====== Excerpted records ======

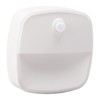 3pcs Wireless Battery Powered Motion Sensor Night Light 6.56ft Detecting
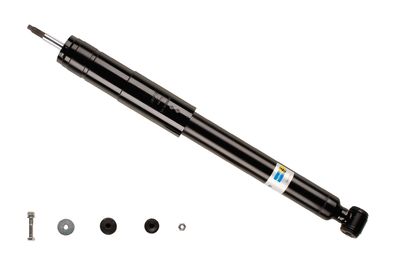 BILSTEIN Stoßdämpfer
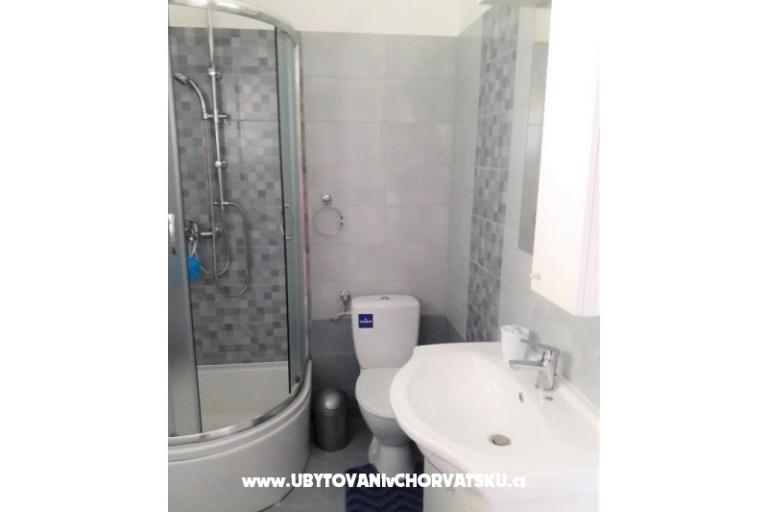Apartmani Tereza – foto 14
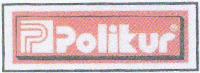 P Polikur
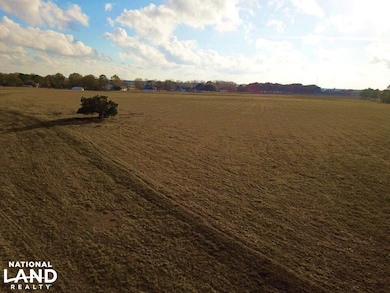 0 N Hwy 431 unit 22459364, Headland, AL 36345 - photo 2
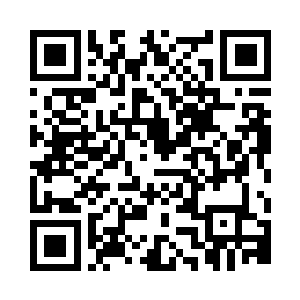 刚才还无依无靠的她仿佛瞬间踏实了下来二维码生成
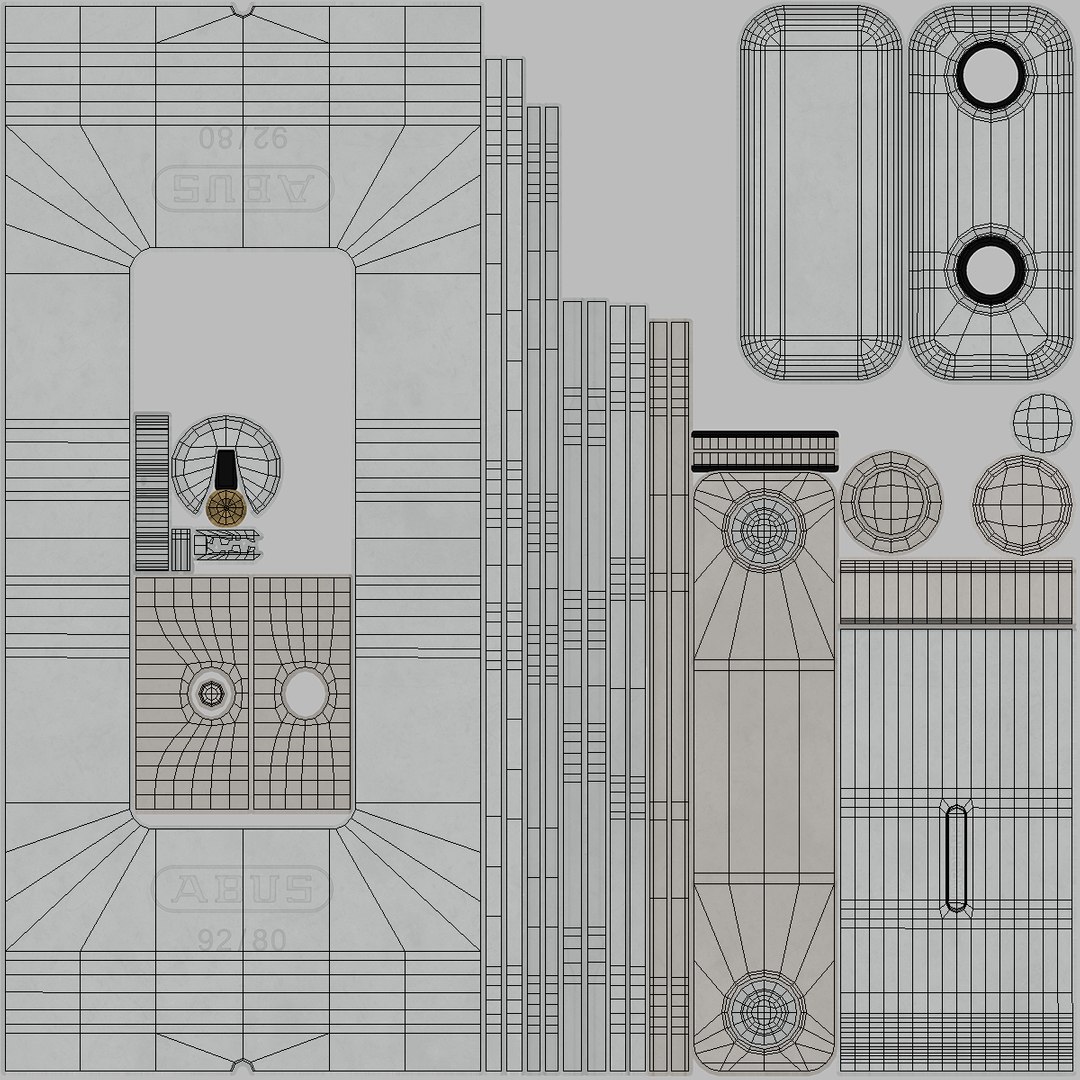 3D Padlock 04 Key model https://p.turbosquid.com/ts-thumb/E5/I8QNzu/lH/04_09/png/1649068172/1920x1080/fit_q87/e58ed7c13427b85cf2c892357d6bd6f033746150/04_09.jpg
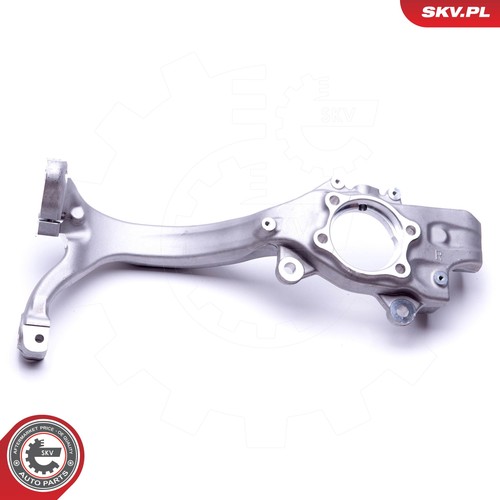 For esen skv - skv, 47skv262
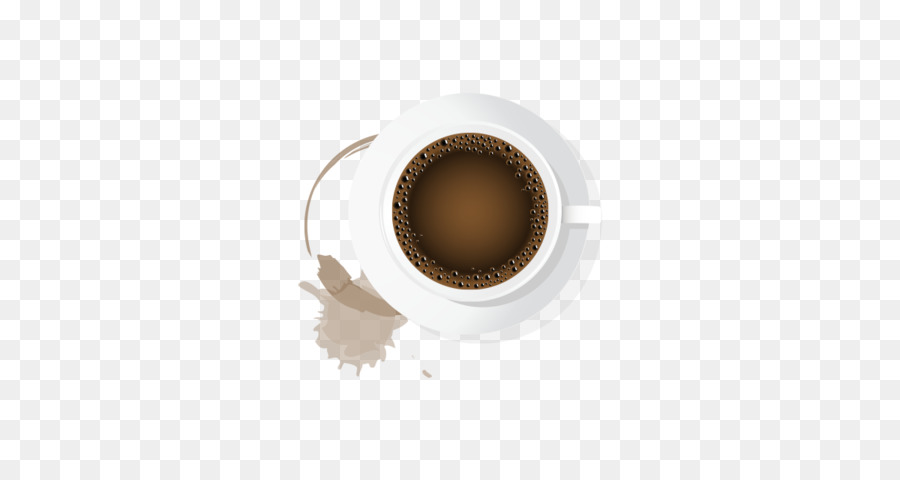 Café，Café Expresso PNG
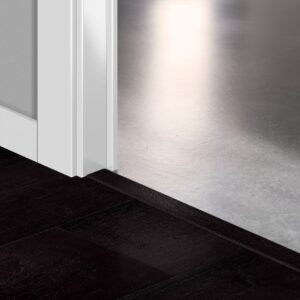 Quickstep Incizo Profile - Image 45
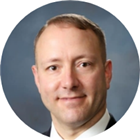 Dr. Wayne Harsha, MD
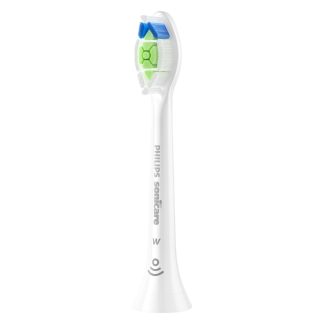 Philips Sonicare Optimal White Brush Heads 6 kpl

======

» To do
Print the lines from the beginning of the records up to and including the line containing "Café，Café Expresso PNG", word for word, with no pictures.

» Answer to this exercise
 3pcs Wireless Battery Powered Motion Sensor Night Light 6.56ft Detecting
 BILSTEIN Stoßdämpfer
Apartmani Tereza – foto 14
 P Polikur
 0 N Hwy 431 unit 22459364, Headland, AL 36345 - photo 2
 刚才还无依无靠的她仿佛瞬间踏实了下来二维码生成
 3D Padlock 04 Key model https://p.turbosquid.com/ts-thumb/E5/I8QNzu/lH/04_09/png/1649068172/1920x1080/fit_q87/e58ed7c13427b85cf2c892357d6bd6f033746150/04_09.jpg
 For esen skv - skv, 47skv262
 Café，Café Expresso PNG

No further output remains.